= Limonoid =

Class of chemical compounds

Chemical structure of the prototypical limonoid limonin

Limonoids are phytochemicals of the triterpenoid class which are abundant in sweet or sour-scented citrus fruit and other plants of the families Cucurbitaceae, Rutaceae, and Meliaceae. Certain limonoids are antifeedants such as azadirachtin from the neem tree.

Chemically, the limonoids consist of variations of the furanolactone core structure. The prototypical structure consists of four six-membered rings and a furan ring. Limonoids are classed as tetranortriterpenes.

== Occurrence ==
Limonoids occur in the seeds of citrus plants, for example in grapefruit, lemon, orange, and mandarin, as well as in other species. They are present both as glucosides and in free form (i.e., as the aglycone). The quantitatively predominant glucoside is nomilinglucoside, whereas the most abundant free aglycone is limonin. Other compounds occurring both in free form and as glucosides include nomilic acid, obacunone, and deacetylnomiline. The glucosides account for approximately 0.31% to 0.87% of the dry weight of the seeds. Limonoids are also present in the leaves of the respective plants, which are therefore used in folk medicine as herbal infusions. Azadirachtin is a limonoid found in the seeds of Azadirachta indica and exhibits a strong insecticidal effect.

=== Citrus ===
Citrus fruits contain the limonoids limonin, nomilin, and nomilinic acid, while both neem seeds and leaves contain the limonoid azadirachtin, although higher concentrations are present in the former.

| Structural formula of nomilin | Structural formula of nomilinic acid |
|---|---|
| Nomilin | Nomilinic acid |

=== Chisocheton erythrocarpus ===
Eight previously unknown limonoids were identified via spectroscopy in the fruits of Chisocheton erythrocarpus gathered in Malaysia. These compounds were dubbed erythrocarpines after the species epithet. The same study tested several preparations of C. erythrocarpus extract as larvicidal agent against Aedes aegypti mosquitoes; they found that 1000 ppm of DCM extract resulted in 100% mortality of larva 24 hours after exposure.

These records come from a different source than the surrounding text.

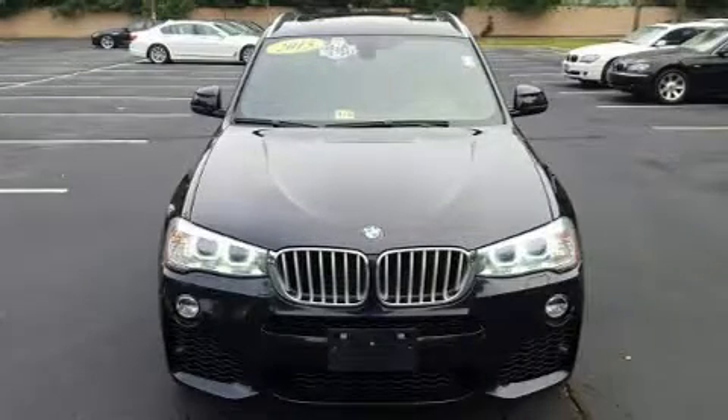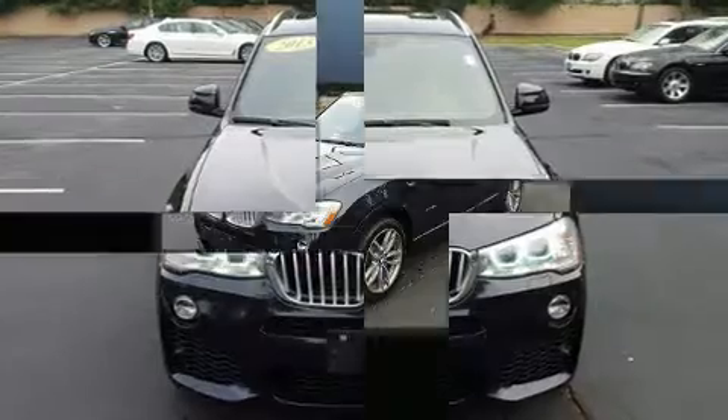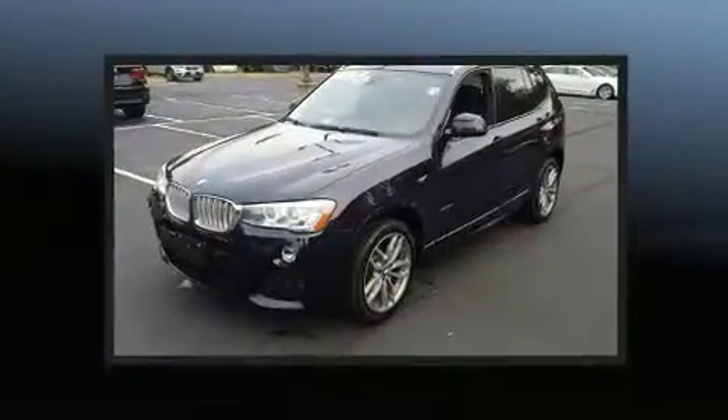Treat yourself to a test drive in the 2015 BMW X3. A turbocharger further enhances performance while also preserving fuel economy.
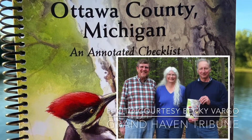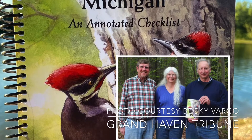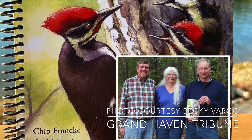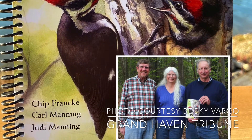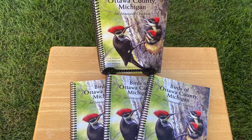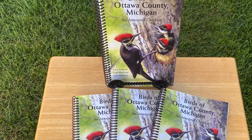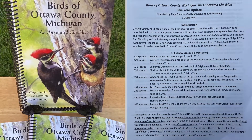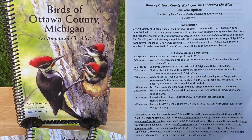It's a book called The Birds of Ottawa County, Michigan, An Annotated Checklist by Chip Franke and Carl and Judy Manning. Published in 2015, this book has a wealth of bird information relevant specifically to Ottawa County, but useful for any West Michigan birder. In 2020, a free five-year update is available for download, but more on that later.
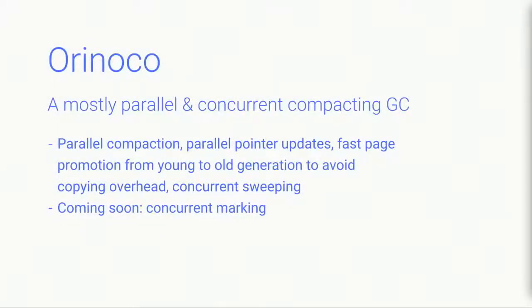There's a third new part of V8 called Orinoco — a new mostly parallel and concurrent compacting garbage collector. Our previous garbage collection was not always parallel, and Orinoco expands our ability to perform garbage collection across multiple threads, making for faster pauses when cleaning up the memory of an application.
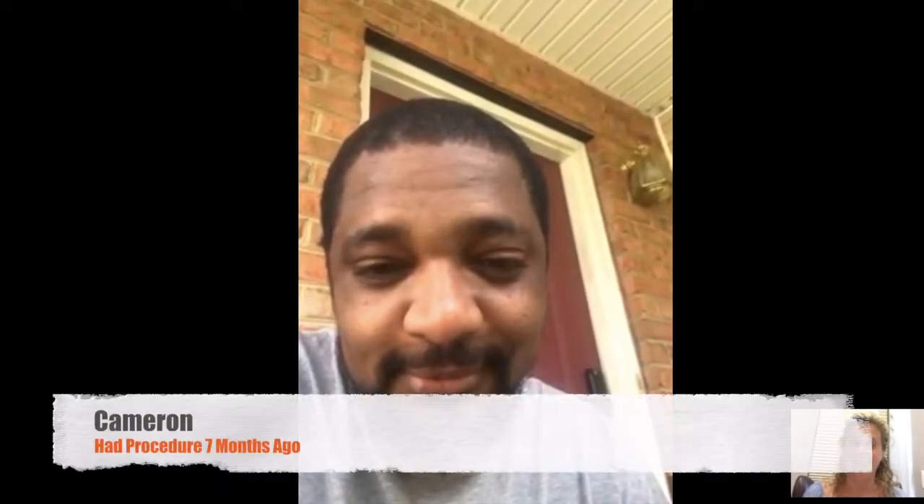Dr. Rose with Natural Transplants, and we're here following up with Cameron. This is only seven months after his standard procedure with us — his HUE procedure at Natural Transplants.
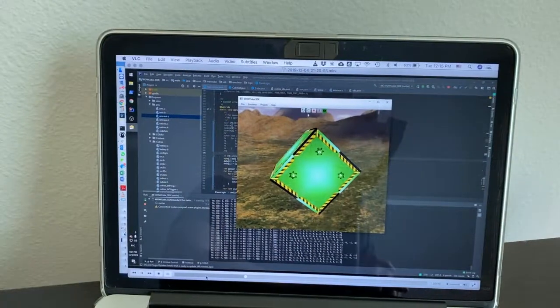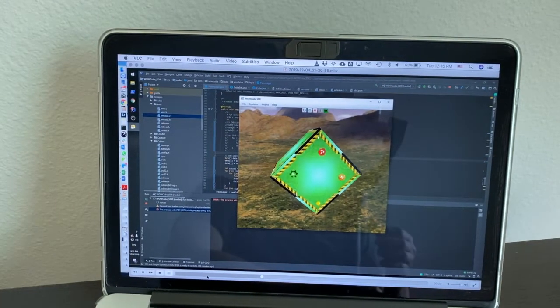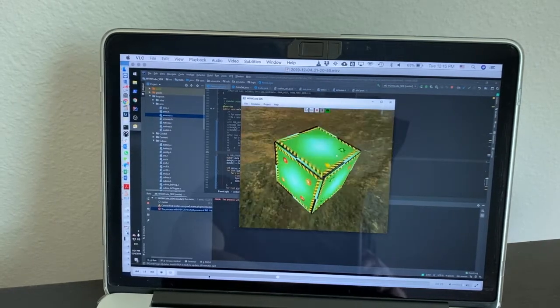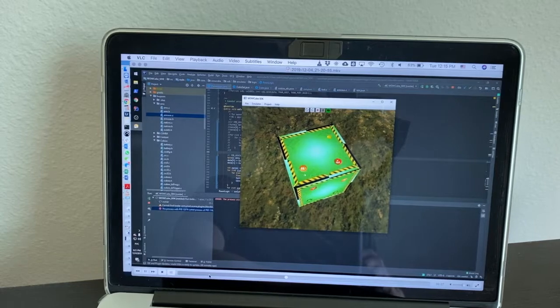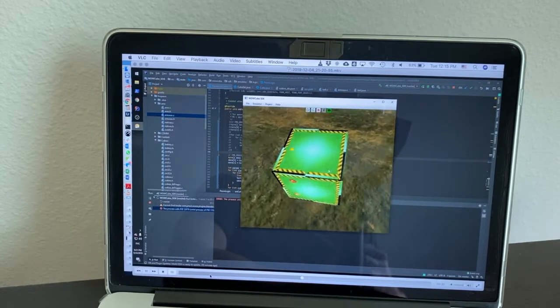Watch it grow. Realizing how multipurpose a platform we created, we built an open API and software emulator to allow independent developers to make their own apps and games for WowCube and upload them to our store, which is already available for both iOS and Android — to sell or give for free.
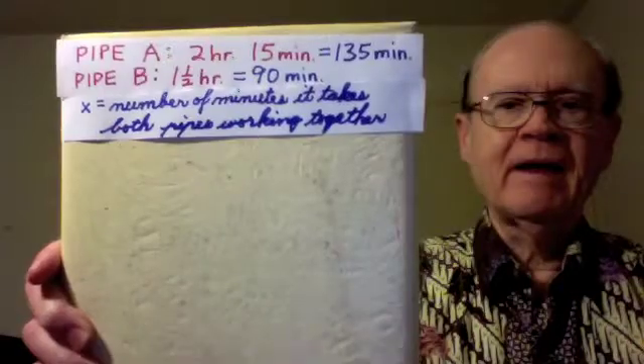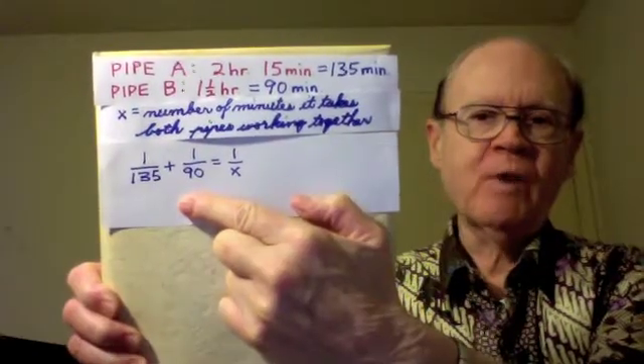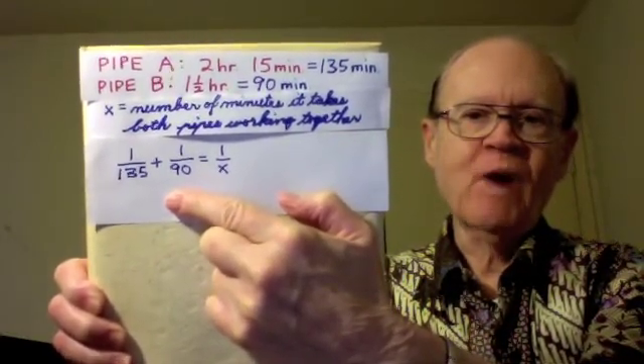Okay, we will have X stand for the length of time that it takes both pipes if they work together — that's what the problem is asking. X equals the number of minutes it takes both pipes working together. Now we are going to write an equation that says the fraction of the job that pipe A does in a minute plus the fraction of the job that pipe B does in a minute equals the fraction of the job that both pipes together do in a minute. That's 1 over 135 plus 1 over 90 equals 1 over X.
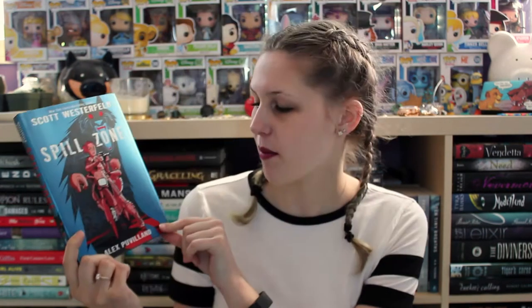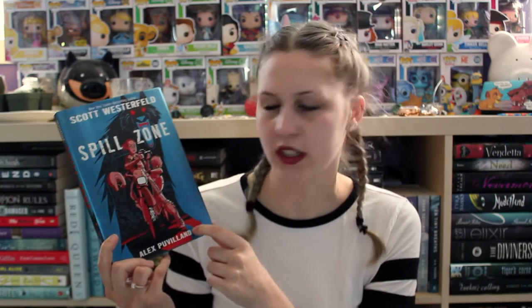It came with a little postcard that says, 'Hi Jay, I'm so glad you're excited about this book. Happy reading.' It is Spill Zone by Scott Westerfeld, illustrated by Alex Polvaland.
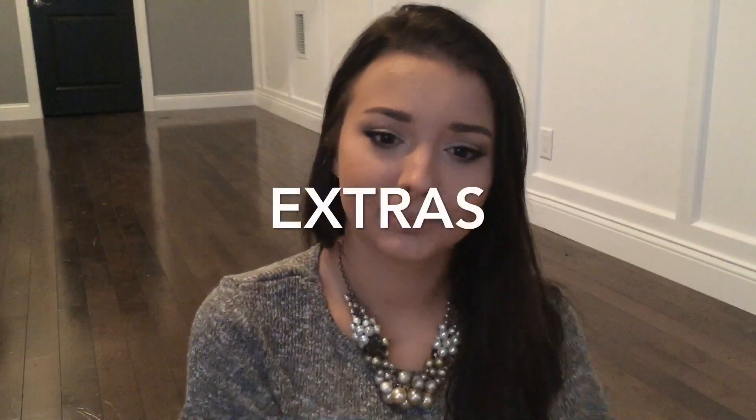I'll leave all the makeup products I used down below in the description. If you liked this video please give me a thumbs up, and don't forget to subscribe if you haven't already. Thank you so much for watching and I hope to see you in my next one. Bye!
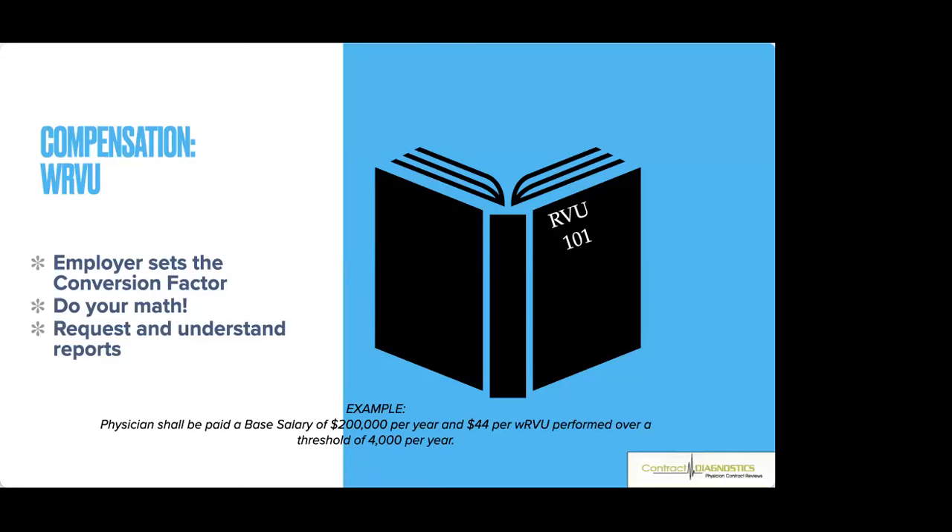Things you can negotiate in an RVU model: bump your base salary, try to increase the conversion factor — maybe from $44 up to $54 per RVU — or drop your threshold from 4,000 down to 3,500 or 3,800. You can also negotiate tiered models: 4,000–4,500 RVUs at $44, 4,500–5,000 at $54, 5,000 and beyond at $64 per RVU — essentially incentivizing you to do more work.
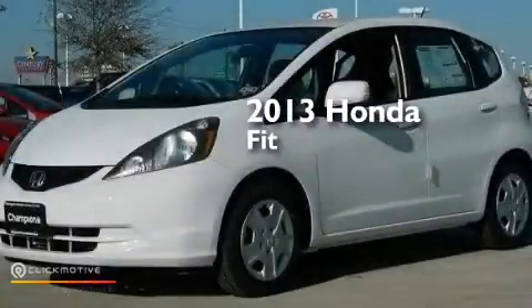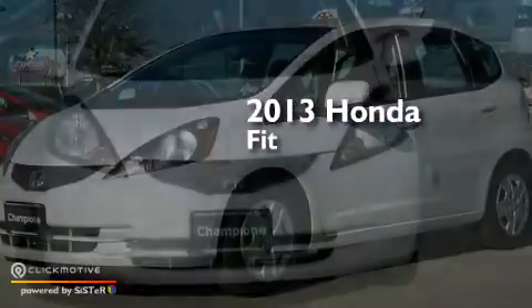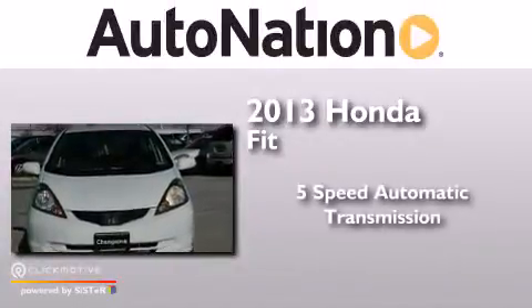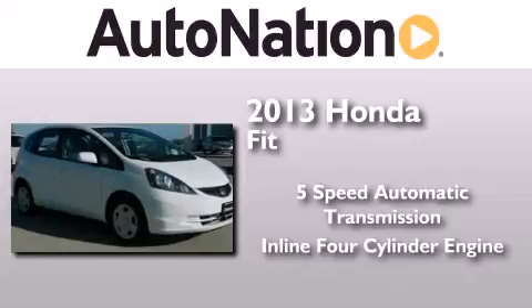This is a brand new 2013 Honda Fit. This compact has a 5-speed automatic transmission and an inline 4-cylinder engine.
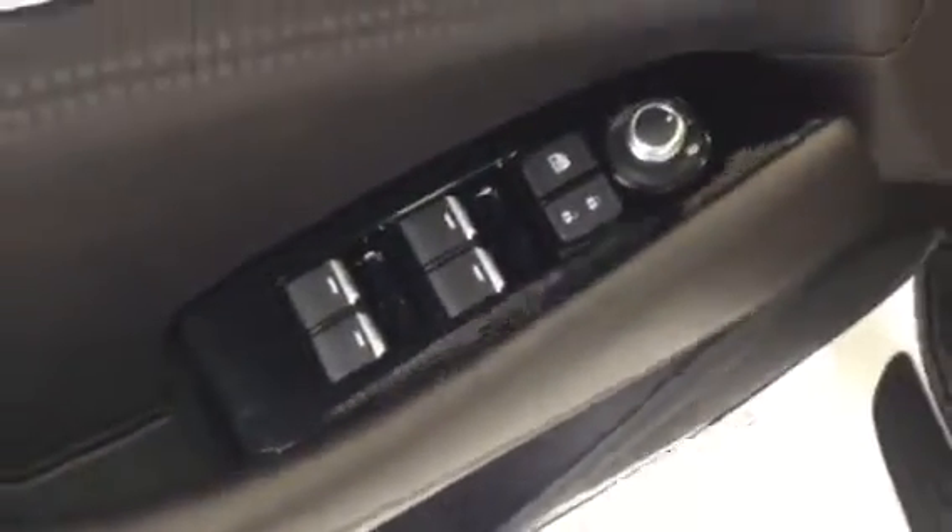Let's go take a look at the inside of the interior to show you a little bit more about it. So here we have full electric lumbar and seat controls and you also have your memory seats. Bose sound system, and then in the door we have full electric windows, doors, locks, and mirrors.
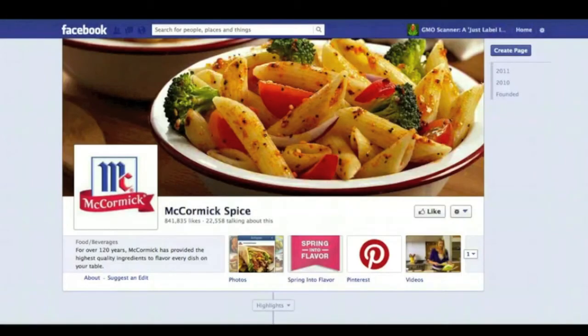Hey everybody. You're probably looking at a company that most of you have known. It's been around for over 120 years — McCormick. That iconic red-capped plastic bottle with spices and herbs that so many of you have come to know.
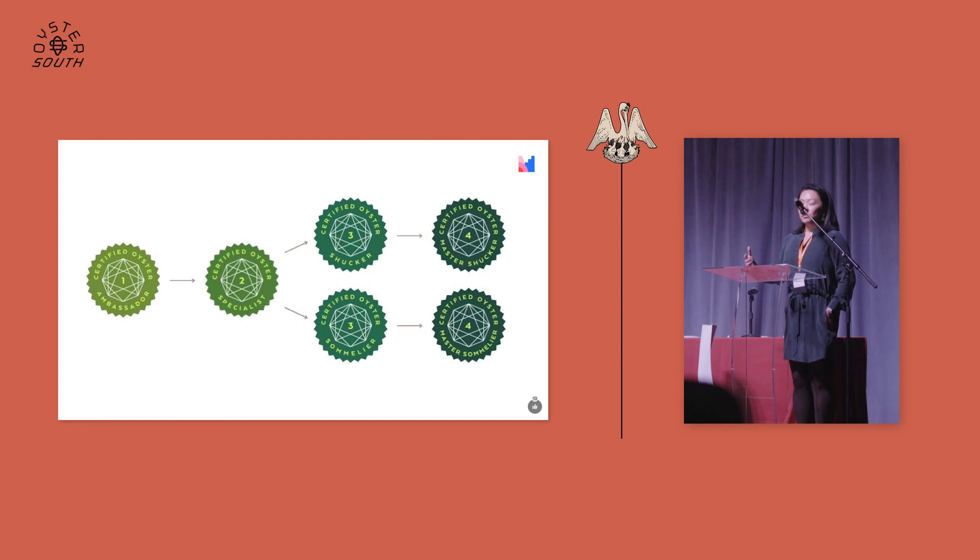What OMG is trying to do is identify an identity for these oyster stewards in the marketplace and create a pathway of becoming an oyster steward — in the form of a certified ambassador, then a certified specialist, to a certified oyster shucker or certified oyster sommelier, and finally at the ultimate level, your master oyster sommelier or master oyster shucker. To be a master, our requirement is that you have to give back — you can't hoard this knowledge; you have to demonstrate that you're giving your knowledge to the next generation. The vision is to create this identity and community of oyster stewards around the world.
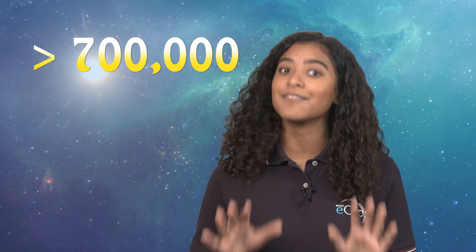So it seems like asteroids come in different shapes and sizes. And with more than 700,000 asteroids orbiting the sun, our solar system is a lot more crowded than I thought. For Real World, I'm Mache. Rock on!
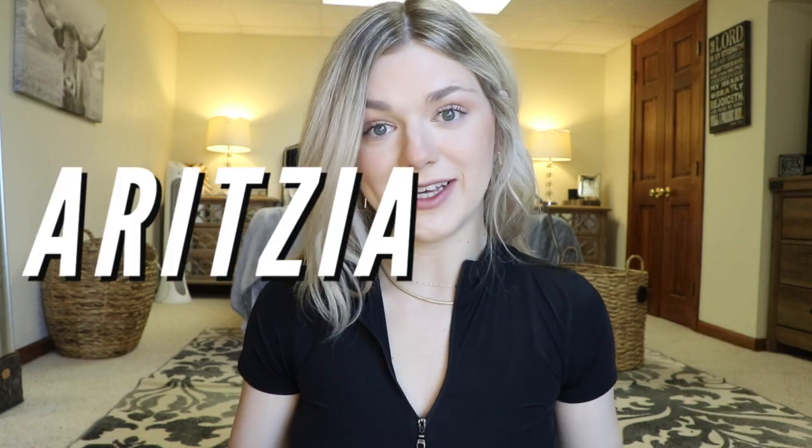Hi guys, welcome back to my channel, it's Bailey! Today, as you can tell by the title, I'm bringing you guys an Aritzia haul. Aritzia is one of my most favorite brands — I love their clothing, it's so cute and timeless. They recently had a huge sale for their employees during this crazy time in the world, and I thought it would be fun to shop the sale, support one of my favorite businesses, and bring you guys a video.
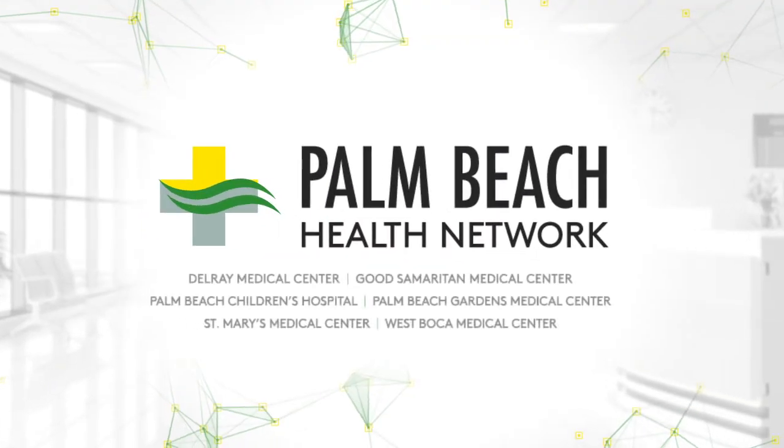Thank you, Dr. Al-Azawi, for all of this helpful information. We hope everyone understands it's important to take care of your health, and if you need surgery, please do not hesitate to go to the hospital. The doctors, nurses, and staff at Palm Beach Gardens Medical Center are there to keep you healthy and safe.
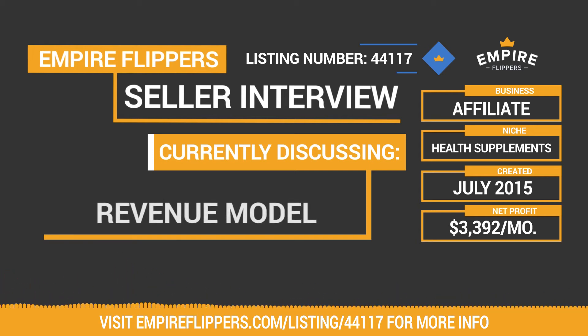Walk me through the monetization for this business. It's a pretty simple business plan — the monetization comes from official product sites. I rank the site, pass that traffic onto the official product site, and when they get a conversion sale they pay me a commission per sale. The commission amount depends on the quantity that the customer buys. The listing mentions something about getting a higher commission due to driving a lot of traffic — can you talk about that?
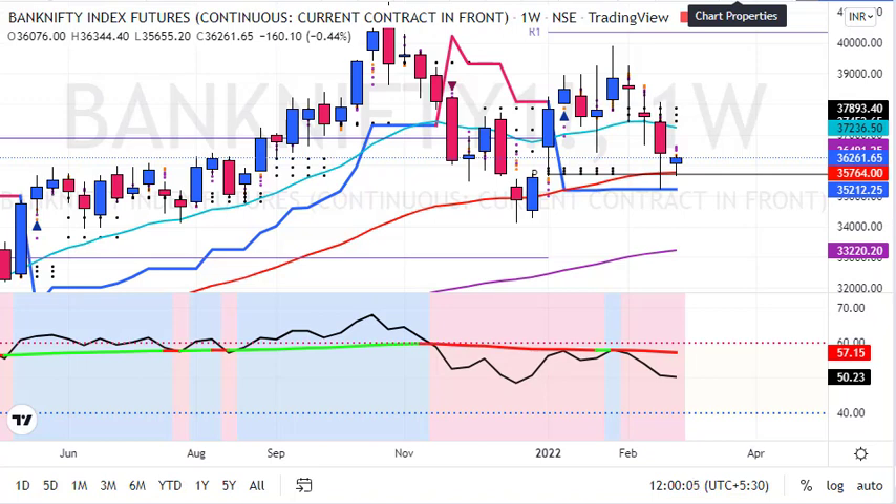Let's analyze the chart. On the last trading session, Bank Nifty closed at 36,261, down 160 points — almost half a percent. Compared to Nifty, which closed almost one percent down, Bank Nifty underperformed with an underperformance of about 1.5 percent relative to Nifty.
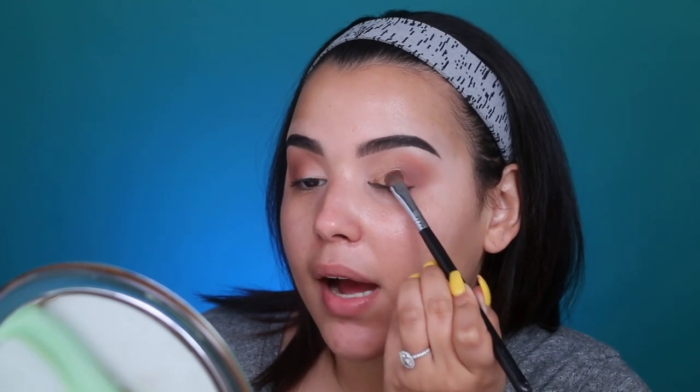I'm now switching over to a ColourPop Super Shock Shadow in the shade Fluffy. This is my go-to brown shade — it's extremely beautiful and foiled, giving the illusion of a wet eyelid. I dip my ring finger into the product and apply it all over the lid, then pat it a little bit higher into my crease to create the illusion of a wetter eye look. Then I use a brush to pat and buff out the edges so things aren't as harsh. Then I go back in with a Morphe M514 to deepen up the outer V.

== Pharmacological effects ==
Numerous potential applications of limonoids have been investigated. Early research attributed strong antioxidant activity to these compounds. However, subsequent studies refuted this assumption. In fact, the total antioxidant capacity (TAC) of limonoids is significantly lower than that of established antioxidants such as ascorbic acid or butylhydroxytoluene (BHT). Of greater importance is the physiological activity of limonoids. They have demonstrated antipyretic, antibacterial, and antiviral effects. They have also been successfully applied in the treatment of malaria. Furthermore, their potential as anticarcinogenic agents has been investigated in breast, colon, pancreatic, and liver cancer, as well as in leukemia. In addition, certain limonoids have been shown to reduce cholesterol release and thus exhibit antiatherogenic properties.

== Undesirable effects ==
Limonoids may present challenges in fruit juice production. In particular, the removal of the bitter compound limonin is necessary to improve the sensory quality of the juices.